Building LeSearch: From Papers to Action

Every researcher knows the pain. You find a promising paper title. You download the PDF. You skim the abstract. You realize it's irrelevant. Repeat 50 times.
When you finally find the right paper, extracting the data into a usable format is a manual nightmare.
The Hypothesis
I believed that LLMs could fix this funnel. Not just by "chatting with PDF"—that's table stakes now—but by understanding the relationships between papers. If Paper A cites Paper B, and Paper B refutes Paper A, an AI should be able to surface that tension immediately.
Building LeSearch AI
The Beta
I hacked together the MVP in a weekend using Next.js and Supabase. The goal was simple: Upload a PDF, get a structured summary, and see a graph of related concepts.

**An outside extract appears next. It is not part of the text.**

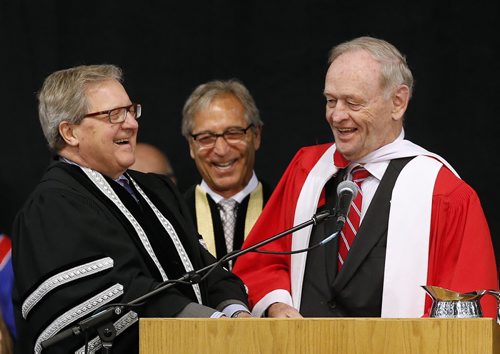LOCAL . UofW  Lloyd Axworthy President and Vice-Chancellor  with Chancellor Robert Silver   and former Prime Minister Jean Chretien, sharing laugh at the podium after honouring Chretien with honorary degree ( Axworthy's former boss in government)  , The 103rd  UofW Convocation , honoured Jean Chretien  by giving him an   honorary degree and he also gave  the  ketnote address  . with story June 12 2014 / KEN GIGLIOTTI / WINNIPEG FREE PRESS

I launched it to a small group of grad students and policy analysts.
What worked:
- The Knowledge Graph visualization was a hit. People loved seeing how concepts connected visually.
- Guided Briefs: Instead of a generic summary, the AI generated a specific "Policy Brief" or "Technical Memo" based on user intent.
What failed:
- Hallucinations: Early RAG implementations were too confident. I had to implement strict citation grounding—if the AI couldn't highlight the sentence in the PDF, it wasn't allowed to say it.
The Pivot
After 50+ beta users, I realized the real value wasn't in reading papers, but in synthesizing them. Users didn't want a faster reader; they wanted a research assistant that could say, "Here are the 3 papers that disagree with your hypothesis."
We are now rebuilding LeSearch with this "Synthesis Engine" at the core. It's leaner, faster, and focused entirely on moving from "Saved PDF" to "Actionable Insight."